O gordo é um latifúndio improdutivo, máquina parada, ciclo vicioso.     Ok: o brasileiro anda comendo mal. De fato, cada degrau que ascendemos na escala social é um buraquinho que alargamos no cinto. É bom que o governo faça campanhas por hábitos mais saudáveis, que as escolas ensinem educação alimentar, que meu querido Drauzio Varella nos lembre que nem só de papilas gustativas vive o homem; que, de coxinha em coxinha, nossas artérias vão acabar entupidas como a avenida Rebouças, às 6h da tarde.

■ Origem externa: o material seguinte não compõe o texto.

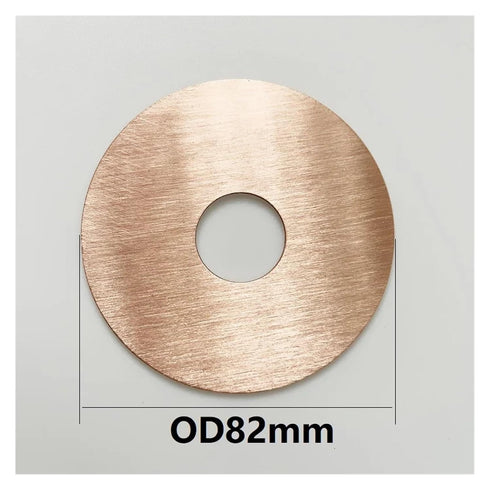 Boartechs 3" Copper Bubble Plate Copper Overflow Cap Sanitary Red Copper Bubble Perforated Plate.Home Distillation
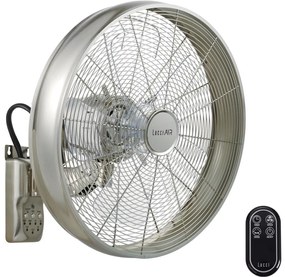 Ventilator de perete Lucci air 213126 BREEZE 55W/230V crom mat + telecomandă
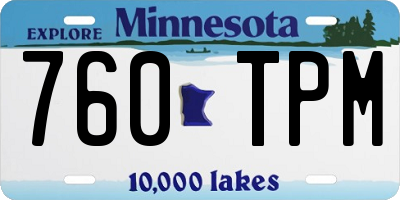 MN license plate 760TPM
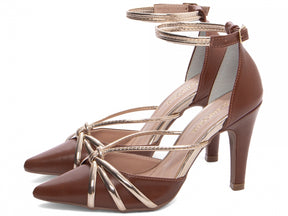 Sapato Scarpin Caramelo Social Premium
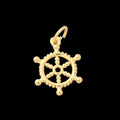 Marine Ship Wheel Charm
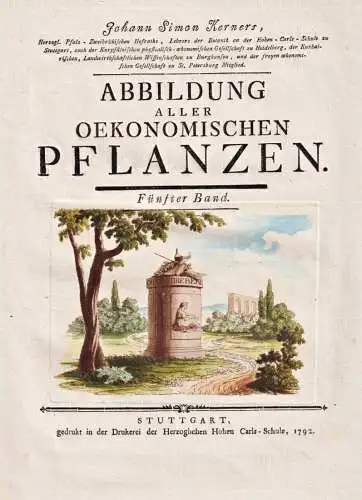 Abbildung aller ökonomischen Pflanzen. Fünfter Band - Titel title Inhaltsverzeichnis table of contents Index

     O preconceito, contudo, essa campanha raivosa que trata a todos aqueles que não se encaixam no diet-zeitgeist como se fossem poltergeists, não nasce da preocupação com o outro. É o ressentimento que faz com que as bocas que se fecham tão estoicamente à comida abram-se vorazmente para maldizer os gordos. Pois o gordo, meus caros, é o novo libertino. Quando o sexo era proibido, a prostituta era "feita pra apanhar", era "boa de cuspir". Hoje, com o sexo como totem e o torresmo como tabu, os que trocaram a penitência diária pelas abdominais e a hóstia pela granola, buscando a transcendência pela contenção, ficam indignados com a banha alheia. Por que é que eu preciso sofrer tantas privações, pensam eles, enquanto outros podem viajar na maionese?


     Gordos do mundo, uni-vos! Ostentais as panças com orgulho. Há em vosso guloso descontrole uma nota de revolta contra um mundo que encolhe; um mundo que, cada vez mais, quer menos -em todos os sentidos.